Actor-Critic, A2C and A3C

Abstract. REINFORCE estimates the policy gradient with Monte Carlo returns. A learned value function can reduce variance as a baseline, but the update still waits for the rest of the episode. Actor-critic methods take the next step: the value function becomes a critic that bootstraps the learning signal, so the actor can update from TD-style advantages. A2C is the clean synchronous version of this idea; A3C is the further asynchronous version that made deep on-policy actor-critic practical.

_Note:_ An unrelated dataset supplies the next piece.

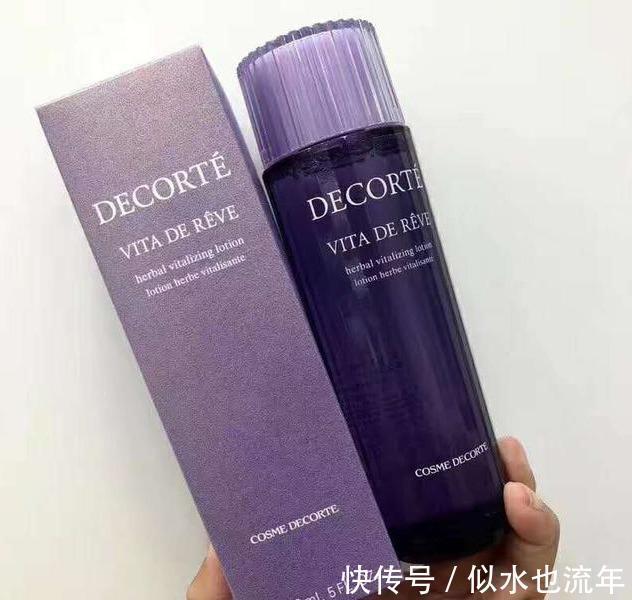 痘痘|让肌肤保持水油平衡的爽肤水推荐:防止水分流失,提供所需的水分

The previous chapter defined the true advantage as

A^\pi(s,a) = Q^\pi(s,a) - V^\pi(s).

This is the quantity we want in the policy-gradient update. Positive advantage means that the action was better than the policy's usual behavior in that state; negative advantage means worse. In an algorithm, we do not know $Q^\pi(S_t,A_t)$ or $V^\pi(S_t)$ exactly. REINFORCE estimates the $Q^\pi$ part with the sampled return $G_t$ , because the return after taking $A_t$ in $S_t$ is an unbiased sample of the action value:

\mathbb{E}_\pi[G_t \mid S_t,A_t] = Q^\pi(S_t,A_t).

If we also train a learned value baseline $V_w(S_t)$ , we subtract it from that sampled return before updating the policy so that we achieve Advantage form. This is still a Monte Carlo policy-gradient method. The return $G_t$ is computed from rewards observed later in the same episode:

G_t = R_{t+1} + \gamma R_{t+2} + \gamma^2 R_{t+3} + \cdots.

The value function is only subtracted after the return has been observed. It reduces variance, but it does not help build the target itself. Long episodes still produce noisy learning signals, and the update for an early action still depends on many later random events.

Actor-critic methods change that role. The value function stops being only a baseline and becomes a critic: a learned estimate used to bootstrap the actor's training signal.

From Baseline to Critic

The remaining question is how to move from "sample the whole future return, then subtract a baseline" to a bootstrapped critic. Actor-critic replaces the full future return $G_t$ with a one-step target:

y_t = R_{t+1} + \gamma V_w(S_{t+1}).

If $S_{t+1}$ is terminal, the bootstrap term is zero. The corresponding advantage estimate is

\hat A_t = y_t - V_w(S_t) = R_{t+1} + \gamma V_w(S_{t+1}) - V_w(S_t).

This quantity is the TD residual, often written as

\delta_t = R_{t+1} + \gamma V_w(S_{t+1}) - V_w(S_t).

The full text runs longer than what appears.